Low annealing temperature effect on Structural, and optical properties of CuO nanostructure thin films

Abstract

In present work, the modified chemical bath deposition method (CBD) called successive ionic layer adsorption and reaction effective coast method was used for deposited copper oxide CuO nanostructured thin films. Structural, surface texture and optical characteristics of the deposited films were studied as a function of low annealing temperature (150, 200 and 250) °C. X-ray diffraction studies showed that the as-deposited and annealed films exhibited low crystallinity of polycrystalline nature in the monoclinic phase. It is observed a fixed or very little increment of peaks intensity and the crystallinity of the deposited films with the increase of annealing temperature to 250 °C. The lattice constants were calculated and show good agreement with the standard values. The crystallite size was decreased, whereas the dislocation density and the number of crystallites were increased with the increment of annealing temperature. The average grain diameter was increased and the average surface roughness decreased with the increment of annealing temperature. The optical energy gap for the as-deposited film is 1.87eV and increased to (2.03, 2.06 and 2.09) eV with the increment of annealing temperatures.

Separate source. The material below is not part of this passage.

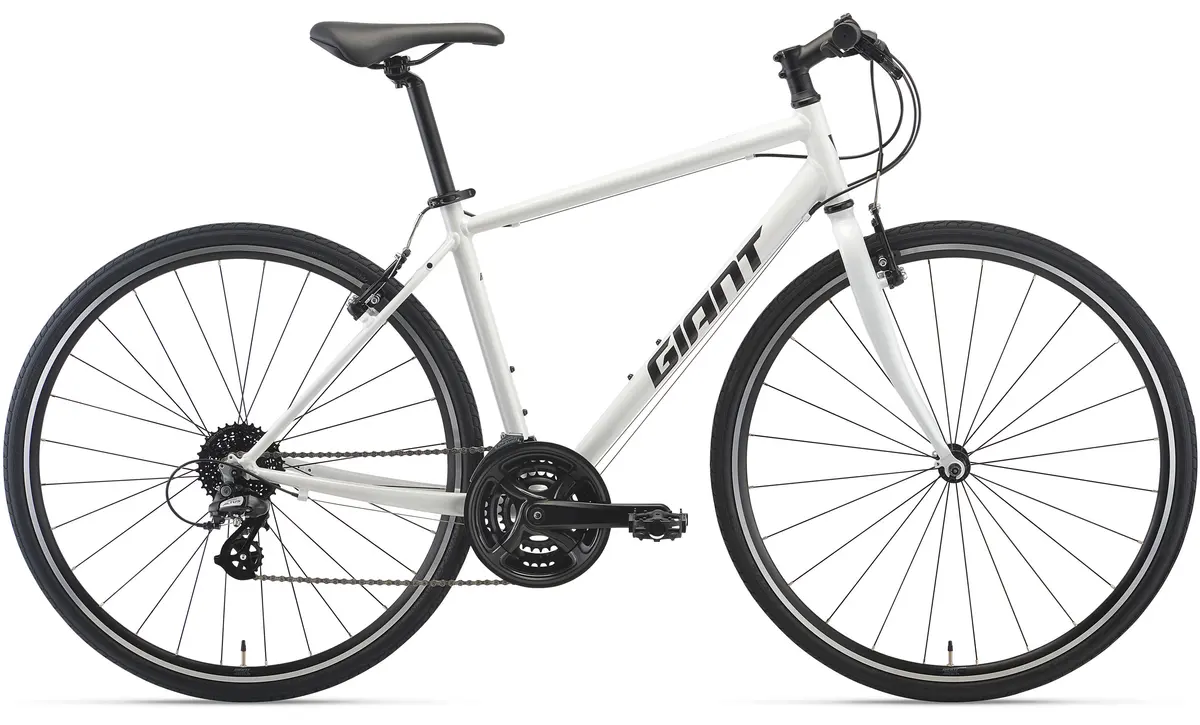 GIANT Escape R3 2026 Pearl Whiteの公式商品画像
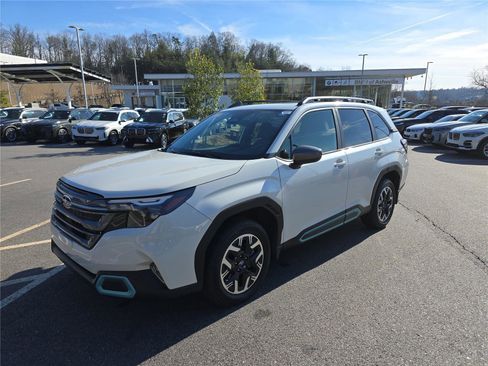 Used 2025 Subaru Forester Premium w/ Convenience Package #1 image 8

The Urbach tails energy width decreased from 0.91 eV to (0.73, 0.54 and 0.46) eV for as-deposited and annealed films at low temperatures (150, 200 and 250) °C respectively. The low annealing temperatures was used because the deposition process was performs at low temperatures below 100 °C, therefore_it can be concluded that the low annealing temperatures used in this work are not suitable temperatures for the growth of CuO films and it can be above 300 °C to enhance the film crystallinity and formation of CuO phase.